What is expected:
Pictures excluded, copy word for word the lines from the one holding "Zubri Czech Rep" through the last line below.

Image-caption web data
====

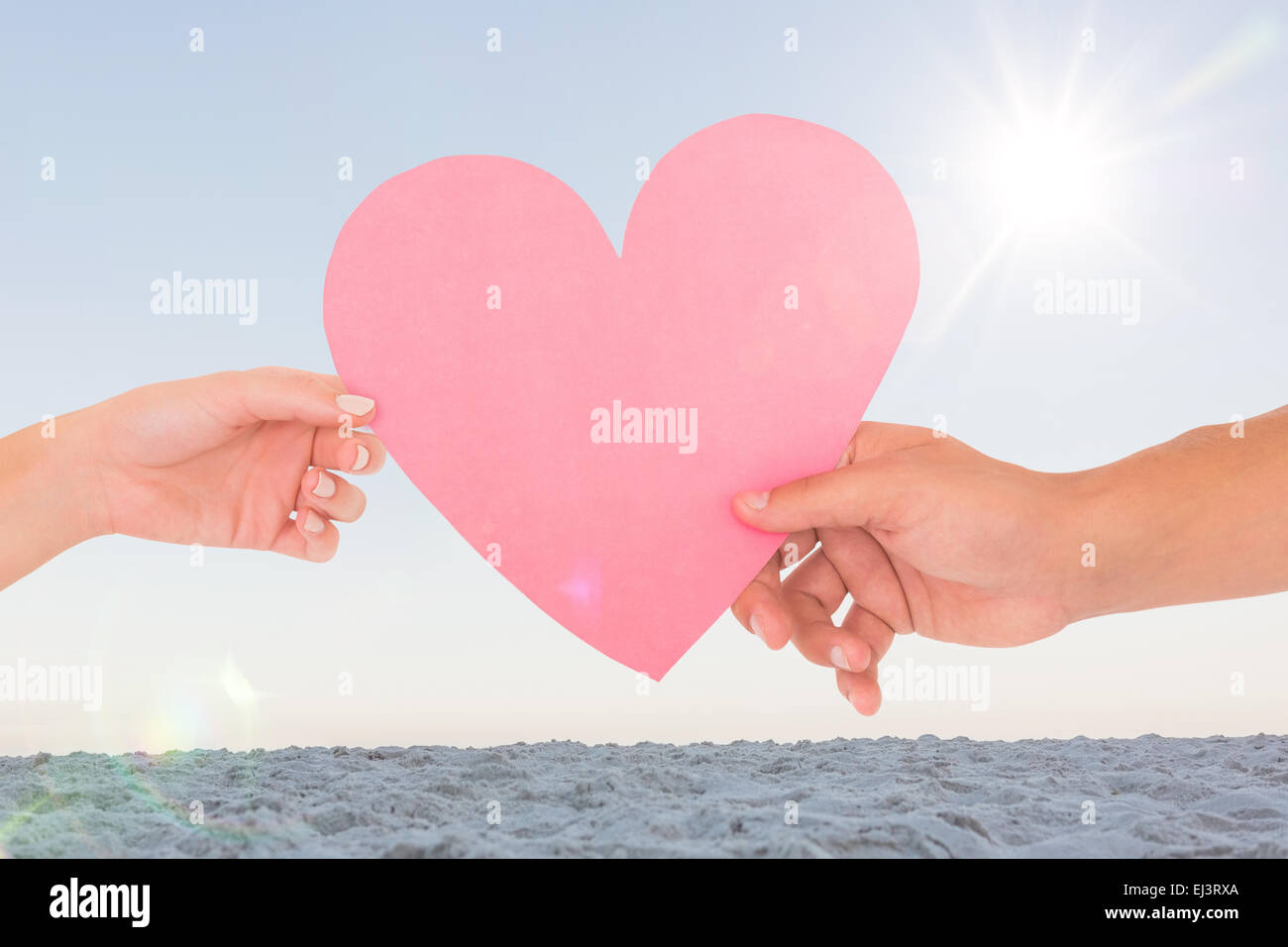 Image composite du couple passant un coeur de papier Banque D'Images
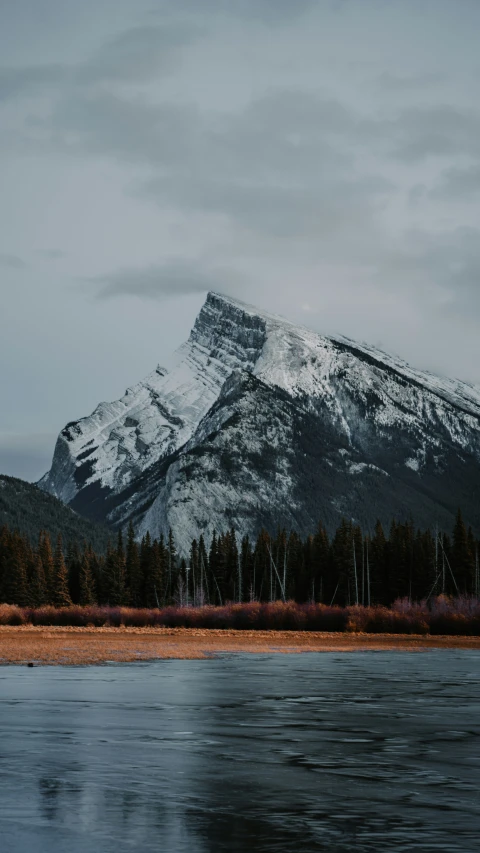 the snowy mountains on the water are covered with snow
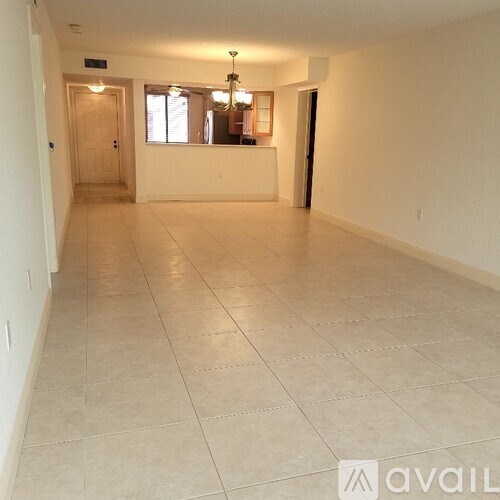 A spacious room with tiled flooring and a bar area in the background.
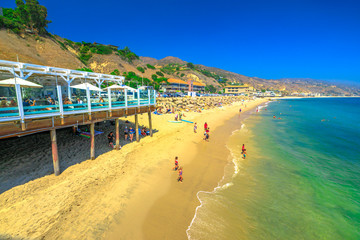 Obraz premium Malibu, Kalifornia, Stany Zjednoczone - 7 sierpnia 2018: malowniczy nadmorski krajobraz z górami Santa Monica, farmą Malibu i turkusowym morzem popularnej plaży Carbon lub plaży miliardera dla domów VIP.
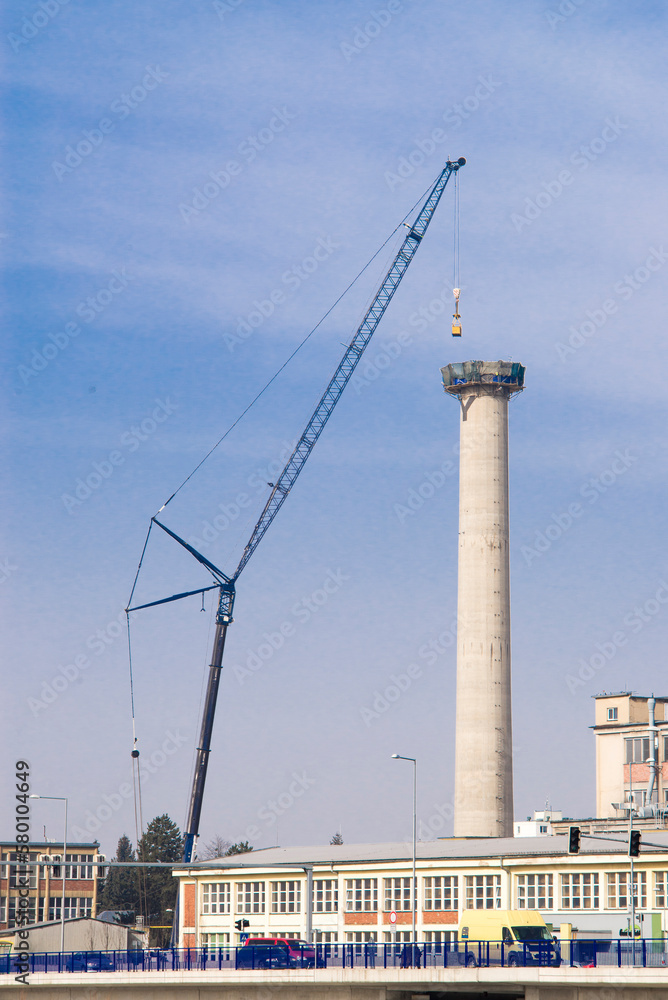 Zubri Czech Rep 1st March 2021 DISMANTLE OF CONCRETE INDUSTRIAL CHIMNEY using a crane and a little excavator. Scene with public traffic passing under the chimney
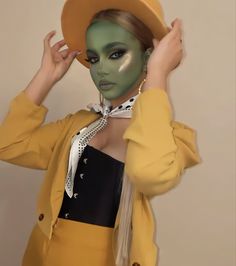 a woman with green face paint and a hat on her head wearing a yellow outfit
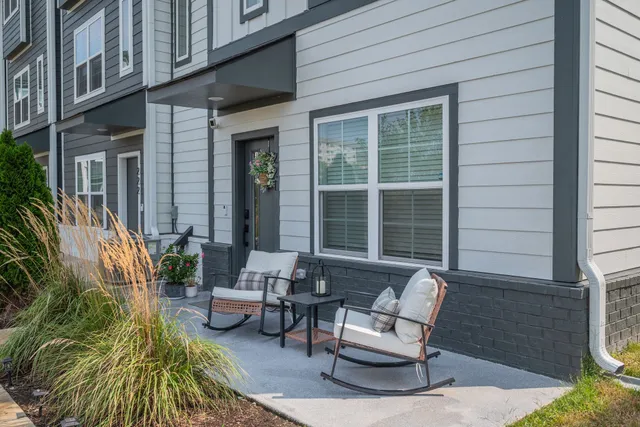 a view of backyard with outdoor seating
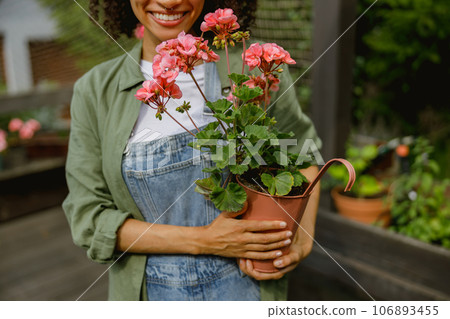 Close up of woman gardener holding flower pot while standing on greenhouse yard background 106893455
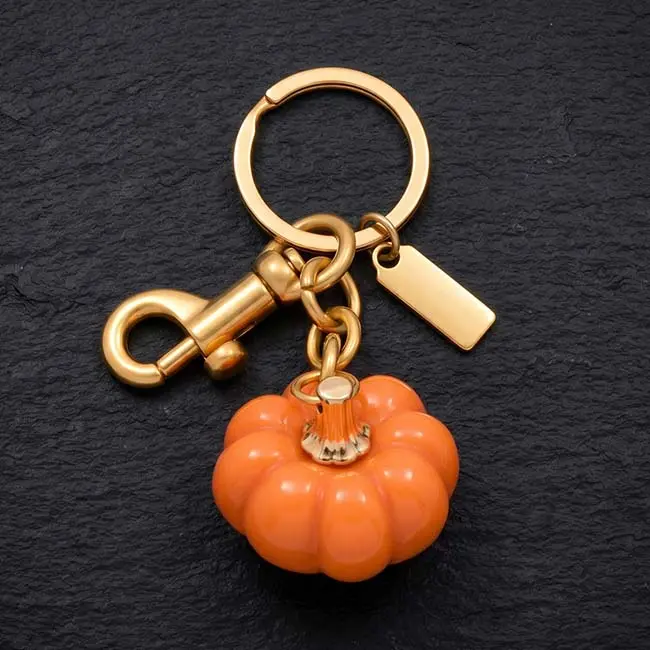 A premium high-gloss orange eco-resin pumpkin keyring component featuring heavy-duty gold-toned zinc alloy hardware including a split keyring a spring snap hook and a customisable blank rectangular brand tag.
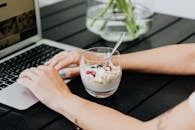 一个人坐在笔记本电脑前处理多项任务，木桌上放着一份营养酸奶冻糕，里面有新鲜水果和格兰诺拉麦片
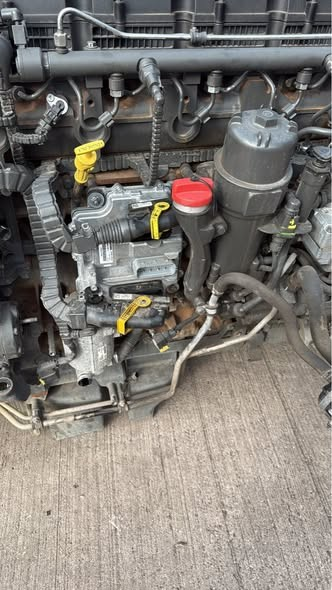 Close-up of an engine with various hoses, caps, and components, including a red cap and yellow levers.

====

Answer box:
 Zubri Czech Rep 1st March 2021 DISMANTLE OF CONCRETE INDUSTRIAL CHIMNEY using a crane and a little excavator. Scene with public traffic passing under the chimney
 a woman with green face paint and a hat on her head wearing a yellow outfit
 a view of backyard with outdoor seating
 Close up of woman gardener holding flower pot while standing on greenhouse yard background 106893455
 A premium high-gloss orange eco-resin pumpkin keyring component featuring heavy-duty gold-toned zinc alloy hardware including a split keyring a spring snap hook and a customisable blank rectangular brand tag.
 一个人坐在笔记本电脑前处理多项任务，木桌上放着一份营养酸奶冻糕，里面有新鲜水果和格兰诺拉麦片
 Close-up of an engine with various hoses, caps, and components, including a red cap and yellow levers.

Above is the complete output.